■ Instructions for the task: The answer should contain only the lines from the beginning of the entries through the line that holds "VTG 90's Activity", given again exactly, with no pictures.

*** Block opens ***

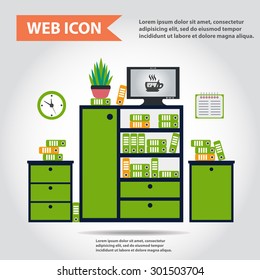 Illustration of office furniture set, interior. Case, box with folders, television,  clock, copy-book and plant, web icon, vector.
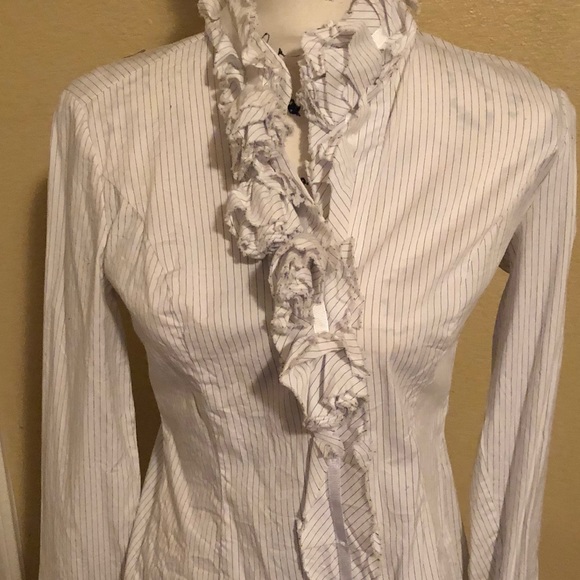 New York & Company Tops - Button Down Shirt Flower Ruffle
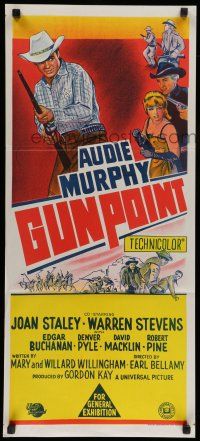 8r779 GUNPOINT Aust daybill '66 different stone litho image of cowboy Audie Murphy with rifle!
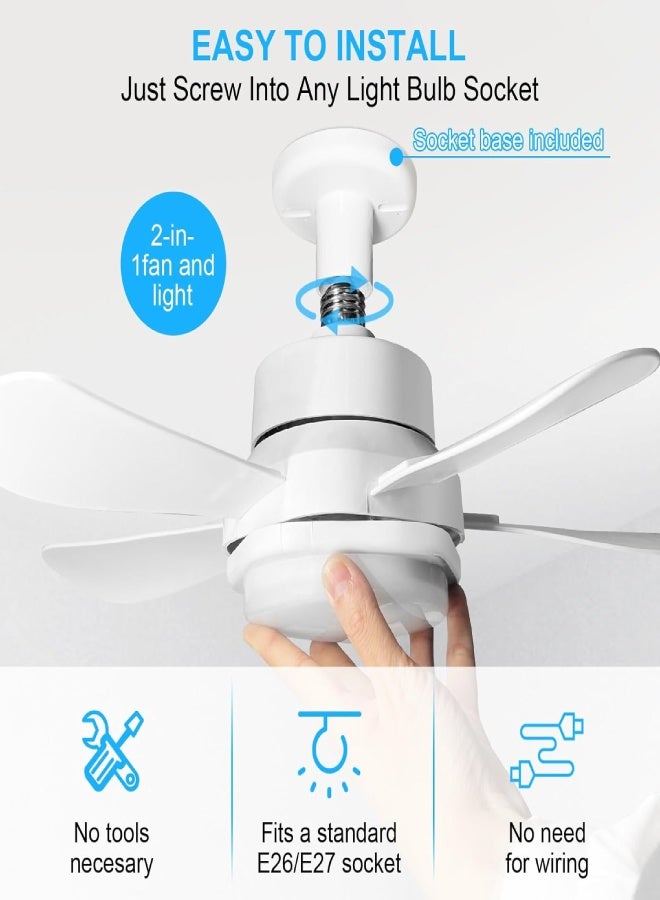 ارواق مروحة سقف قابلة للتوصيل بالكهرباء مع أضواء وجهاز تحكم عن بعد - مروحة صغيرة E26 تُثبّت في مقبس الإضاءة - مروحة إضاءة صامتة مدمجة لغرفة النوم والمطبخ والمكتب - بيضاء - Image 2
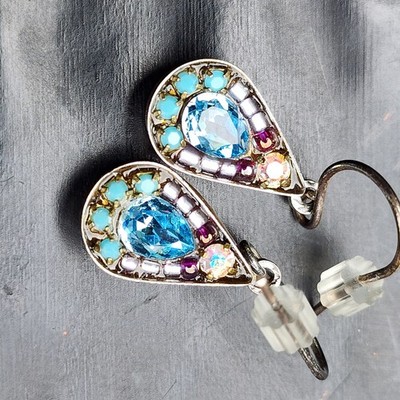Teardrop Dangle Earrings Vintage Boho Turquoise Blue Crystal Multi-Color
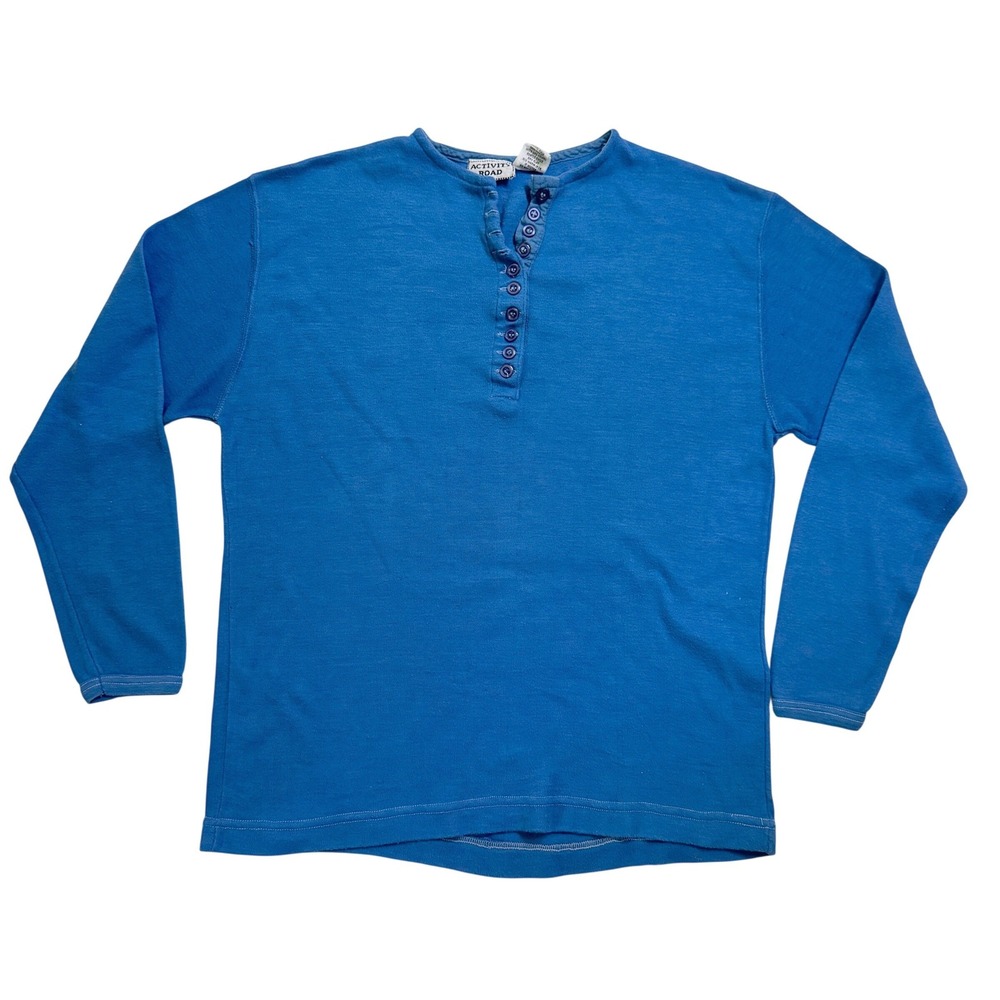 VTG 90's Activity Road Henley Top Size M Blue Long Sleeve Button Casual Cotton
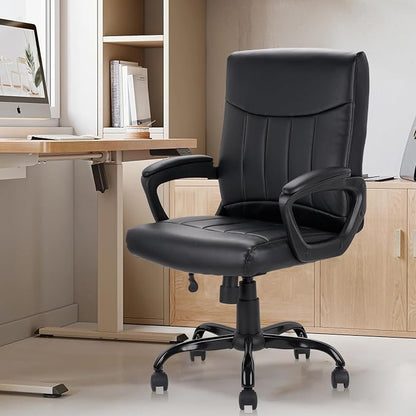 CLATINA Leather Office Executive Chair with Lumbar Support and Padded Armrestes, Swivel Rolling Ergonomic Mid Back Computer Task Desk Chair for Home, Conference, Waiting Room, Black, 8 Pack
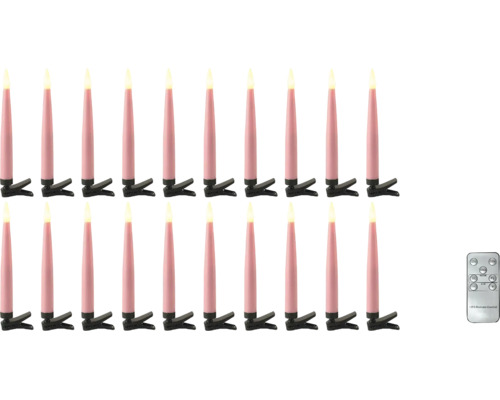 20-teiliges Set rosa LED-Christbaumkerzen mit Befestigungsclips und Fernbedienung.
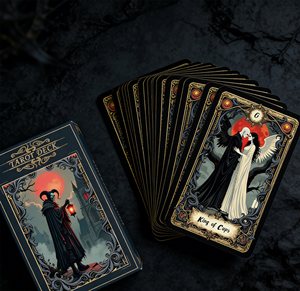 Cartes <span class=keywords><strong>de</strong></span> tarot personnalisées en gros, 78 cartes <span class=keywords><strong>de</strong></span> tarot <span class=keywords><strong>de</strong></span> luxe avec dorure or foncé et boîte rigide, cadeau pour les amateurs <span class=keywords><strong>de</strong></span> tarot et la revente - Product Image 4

*** Block closes ***

■ Output for this exercise:
 Illustration of office furniture set, interior. Case, box with folders, television,  clock, copy-book and plant, web icon, vector.
 New York & Company Tops - Button Down Shirt Flower Ruffle
 8r779 GUNPOINT Aust daybill '66 different stone litho image of cowboy Audie Murphy with rifle!
 ارواق مروحة سقف قابلة للتوصيل بالكهرباء مع أضواء وجهاز تحكم عن بعد - مروحة صغيرة E26 تُثبّت في مقبس الإضاءة - مروحة إضاءة صامتة مدمجة لغرفة النوم والمطبخ والمكتب - بيضاء - Image 2
Teardrop Dangle Earrings Vintage Boho Turquoise Blue Crystal Multi-Color
 VTG 90's Activity Road Henley Top Size M Blue Long Sleeve Button Casual Cotton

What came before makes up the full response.